This was the original element[[250]] in his conception, and while one of its effects was to save the members of the Sangha from some of the evils besetting the life of the recluse by balancing the duty of contemplation by that of active itineration, its chief and immediate result was to give Buddhism an expansive power marvellous to Indians. Religious fraternities depended upon the presence of their teachers, and consequently the members were few, but Buddha commanded the brethren to go forth. “Let not two of you go the same way” was the original instruction, and preach the doctrine “which is glorious in the beginning, glorious in the middle, glorious in the end, in the spirit and in the letter, for the pure and perfect life, for the complete cessation of sorrow.”[[251]] By and by these missionaries were authorised to receive those who desired admission into the Sangha, and after a due novitiate to ordain them;[[252]] and so we need not wonder that this itineracy, which in the earliest days was the very essence of a good Buddhist’s duty, should have had the effect of spreading the doctrines and gathering converts so rapidly that in some of the earliest extant scriptures the Sangha was known as “the Brotherhood of the Four Quarters”[[253]] of what to Indian thought was the world.

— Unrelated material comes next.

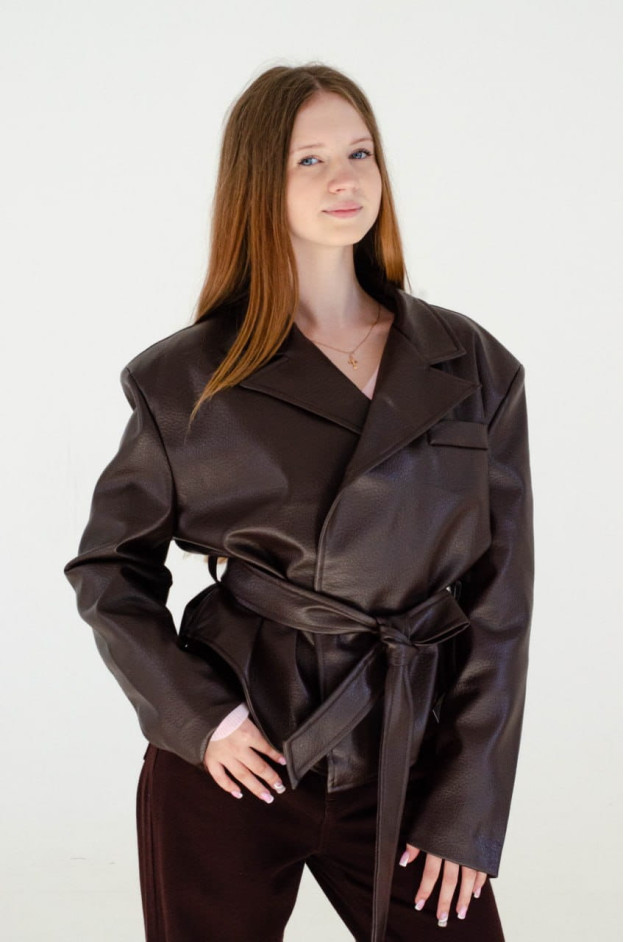 Куртка для дівчинки весна-осінь AW26-Y098 екошкіра коричневий база укорочена під пояс S(р)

Thus far the Sangha was different from the institutions that preceded it, but, unlike the Christian Church, which finally emerged from Judaism as the one holy Church of all nations and of both sexes, and of all classes of men, the Buddhist Sangha bore with it, and never lost, several marks of its Hindu origin. One relic of its extraction it most zealously conserved as essential to the moral restraint which it encouraged; for though later on it attracted associates whom it recognised as in the ways of deliverance, it was from the very first an exclusively monastic order. Indeed, Monachism, or the life of retirement, privation, and chastity, had in Buddhism a place quite different from that which it occupied in Brahmanism.[[254]] The meditative Brahman anchorite was not considered the only man who was in the way to deliverance, for every believer in Brahman ascendency was free to choose one of three ways of securing salvation,[[255]] but in Buddhism renunciation of the world represented the highest form of religion, and the indispensable condition of reaching Nirvana. So, though in opening the Sangha to all classes, and proclaiming, in opposition to Brahmanism, that every man was capable of the highest enlightenment, Buddha sapped the foundation of caste, it was only to replace it in another form.[[256]] The mendicant monk, as has been truly observed, took the Brahman’s place, and for him alone Nirvana was reserved. So sharply defined were the lines which divided the Sangha from the rest of mankind, that no one who had not come out from the world was regarded as in it and of it.

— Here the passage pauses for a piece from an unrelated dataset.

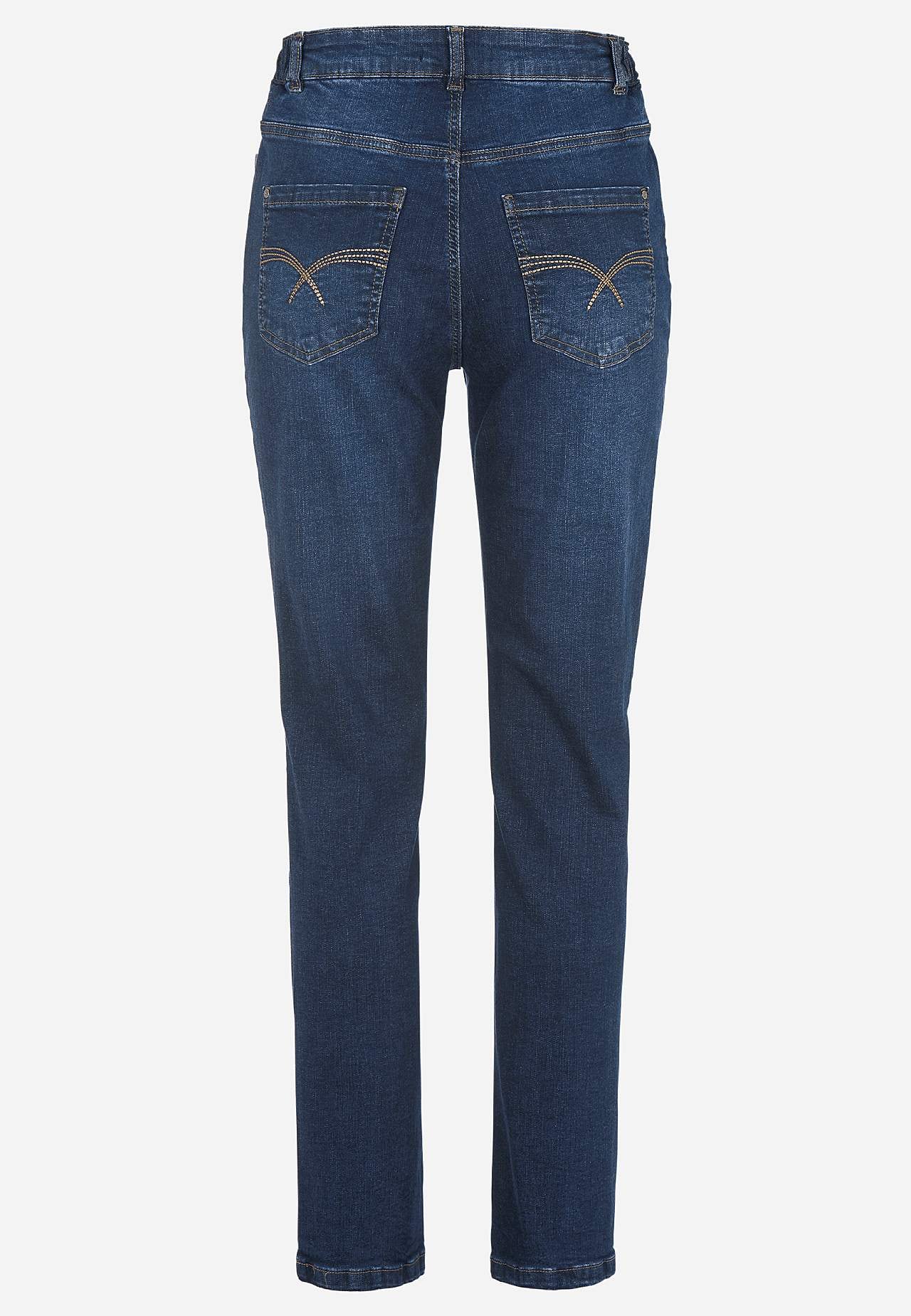 Jeans med resår i sidorna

This was quite in keeping with the Buddhist conception of deliverance. The Sangha simply was an attempt to realise the idea and purpose of the creed. Salvation according to Christ meant rescue from the power of evil, but not withdrawal from the world as so incurably evil that the sooner man got out of it the better. Instead of making His Church an asylum and refuge from the world, He organised it for the redemption of the world. Instead of attempting to destroy civil society, He aimed at its purification by the leavening influence of the new society which He was creating. The Church was to be Christ’s witness when He was no longer visible, the instrument by which His own power would bear upon the wants of mankind. The slavery and the degradation of society, the destruction of the world, was never meant to be the condition of the existence or of the liberty and dignity of the Church. It was but a means to an end, a means so essential that without it the end could not be reached, but, once the end has been reached, the Church will be superseded, or rather will be merged in the kingdom of God. So the very symbol of it is not found in the apocalyptic visions of the new heaven and the new earth. In the civitas of the new Jerusalem St. John saw families and nations and kingdoms, but he could see no temple therein, for the instrumentality of which the temple was the symbol had done its work in the emancipation and education of the human race, and had vanished into the more glorious and eternal realities of the throne of God and of the Lamb.

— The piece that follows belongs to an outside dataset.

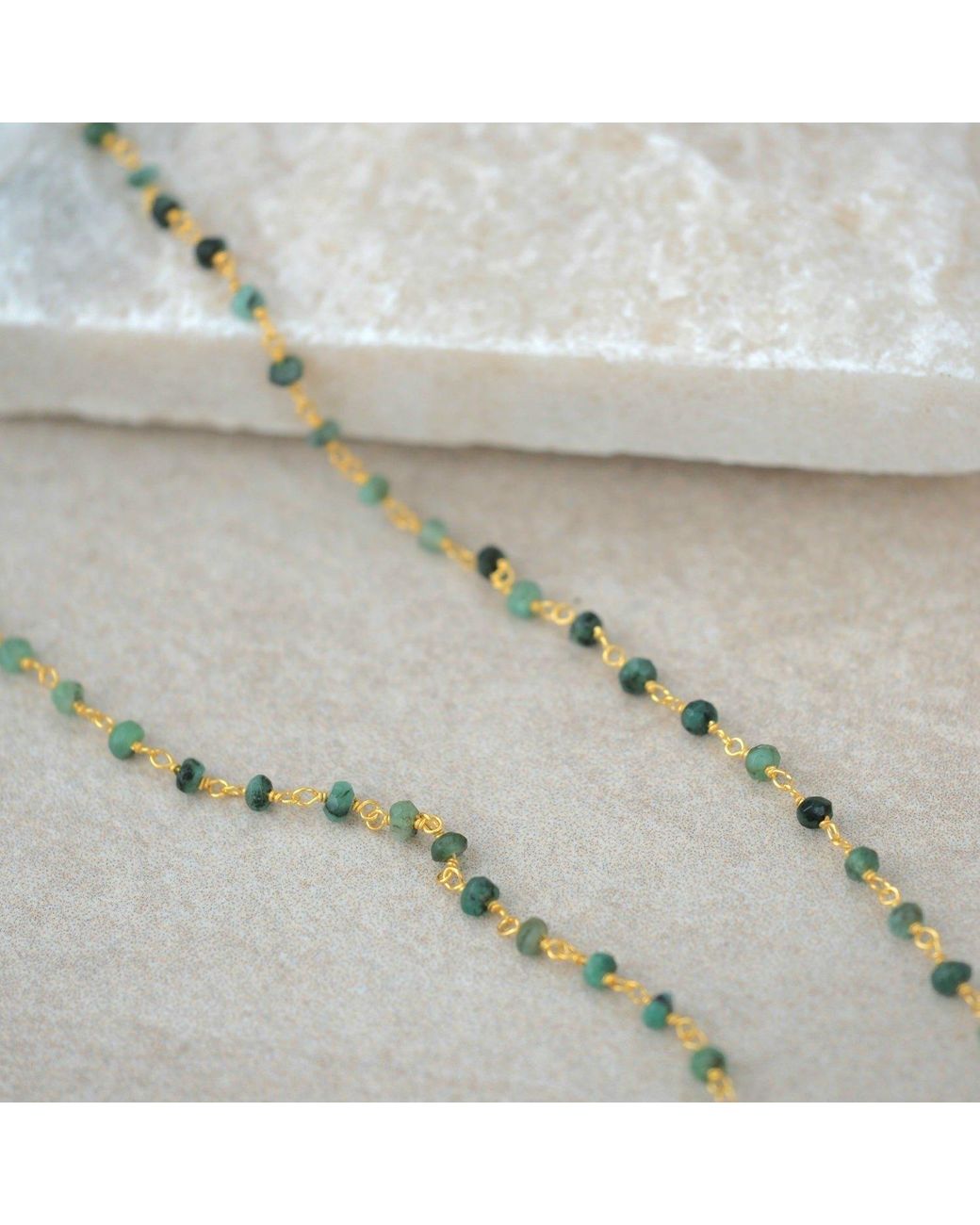 Sophelia Metallic Raw Emerald Beaded Delicate Plated Necklace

In Buddhism we find a set of ideas quite contradictory to all these. The Sangha was the vehicle of rescue from out the world, not the bringer of salvation to it; it worked not for the regeneration of society, but for its disintegration and destruction. It considered the world to be so hopelessly incurable, and even existence to be so weighted with misery, that wisdom would move men to abandon the one to its fate, and goodness impel them to strive to bring the other to an end. The monastery, therefore, was naturally its loftiest conception of the Civitas Dei, and into that it endeavoured to transform as large a section of humanity as was inclined to accept its law.

This unnatural theory of life indicates the essential weakness of Buddhism, and makes its history very instructive to Christians. In the Church, perhaps, room may be accorded to the monastery and convent, as long as they are sanctified by the Christian idea of self-abnegation in the service of others, but the attempt to transform the Church into a monastery, dominated by the Buddhist idea of abnegation of the world for the sake of self, can only create unmitigated evil. The effect of it in primitive Buddhism was not only to withdraw good men from the world at the very time when its diseased condition most required the help of their preserving salt, but the salt itself, not being used for its natural and proper purpose, soon lost its savour. The substitution of an artificial for a natural standard of excellence inevitably tends to destroy even virtue. Very soon in the Sanghas active itineracy and devout contemplation gave way to listless indolence and enervating reverie, and there emerged a mode of life from which the great mass of healthy men will ever revolt, as sanctioning the idea that the more useless we become in this world the more fitted for a better we may safely consider ourselves to be.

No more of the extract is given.